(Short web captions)
━━━━━━━━━━

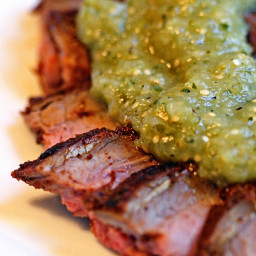 Chili Lime Rubbed Grilled Flank with Tomatillo Salsa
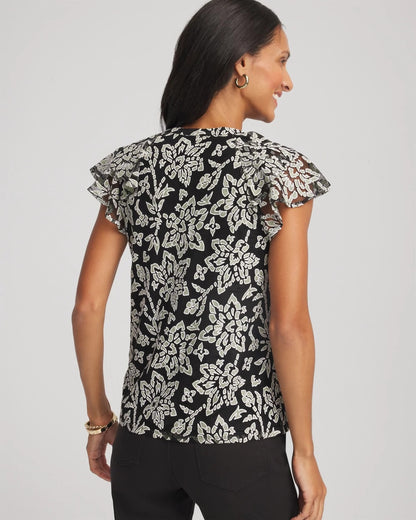 Chico's Lace Floral-Burnout Henley Tee Black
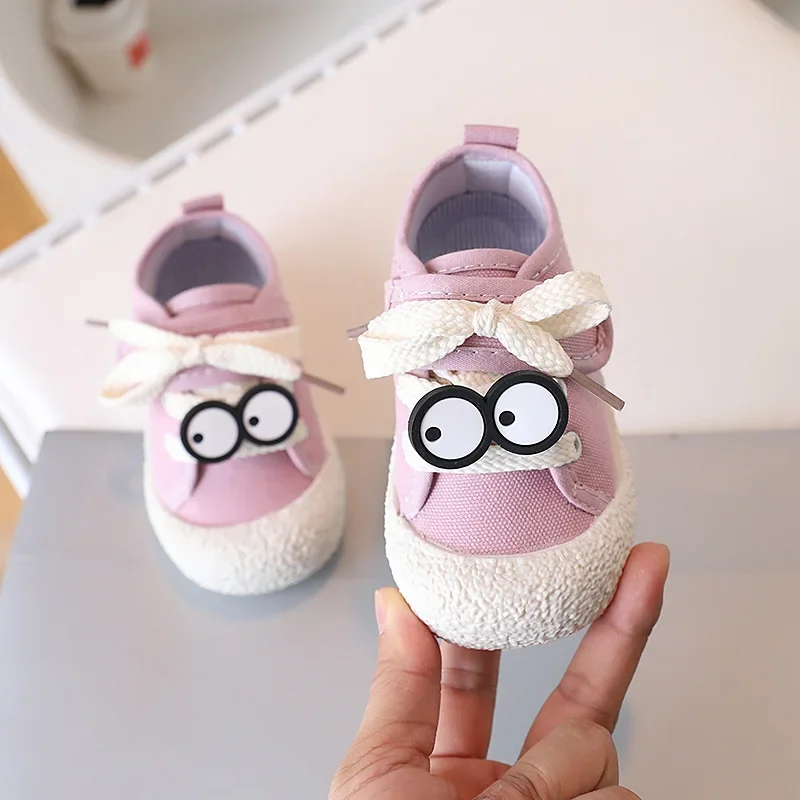 Children Canvas Shoes Soft Bottom Anti Slip Kids Casual Shoes Toddler Breathable Walking Shoes Cute Cartoon Girls Boys Sneakers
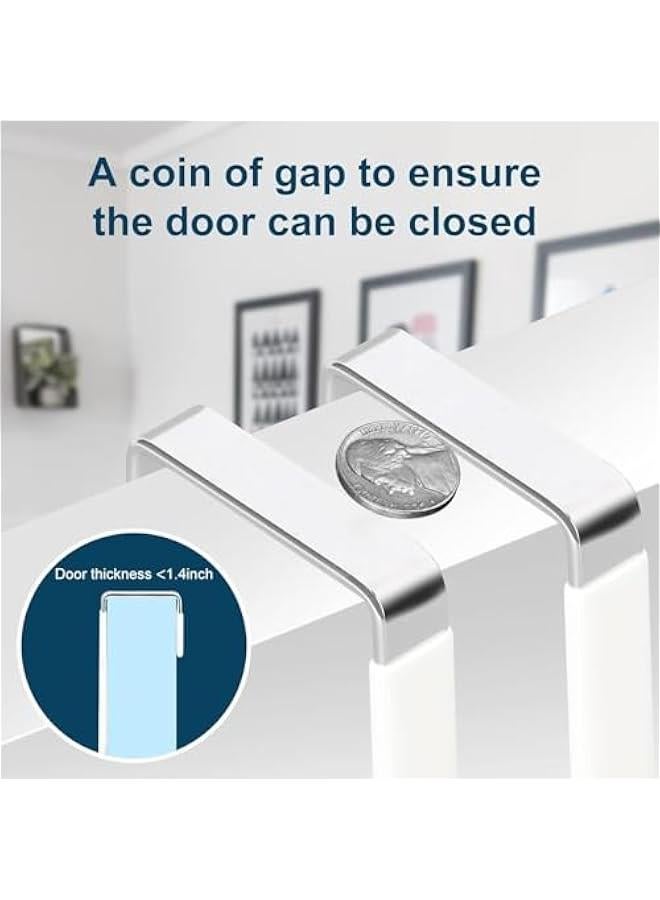 HOOKOR 6 Pack Over The Door Hooks, Hangers Hooks with Rubber Prevent Scratches, Heavy Duty Organizer for Living Room, Bathroom, Bedroom, Kitchen Hanging Clothes, Towels, Hats, Coats - Image 4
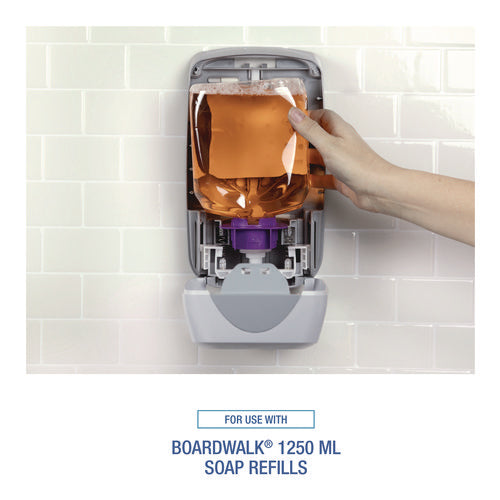 Image of Boardwalk® Manual Liquid Soap Dispenser, 1,250 mL, 6.1 x 10.6 x 5.1, Gray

━━━━━━━━━━

## Exercise aim
The reply should hold the entries above from the line with "Children Canvas Shoes" to the line with "HOOKOR 6 Pack", duplicated exactly, pictures excluded.

## Written solution
 Children Canvas Shoes Soft Bottom Anti Slip Kids Casual Shoes Toddler Breathable Walking Shoes Cute Cartoon Girls Boys Sneakers
 HOOKOR 6 Pack Over The Door Hooks, Hangers Hooks with Rubber Prevent Scratches, Heavy Duty Organizer for Living Room, Bathroom, Bedroom, Kitchen Hanging Clothes, Towels, Hats, Coats - Image 4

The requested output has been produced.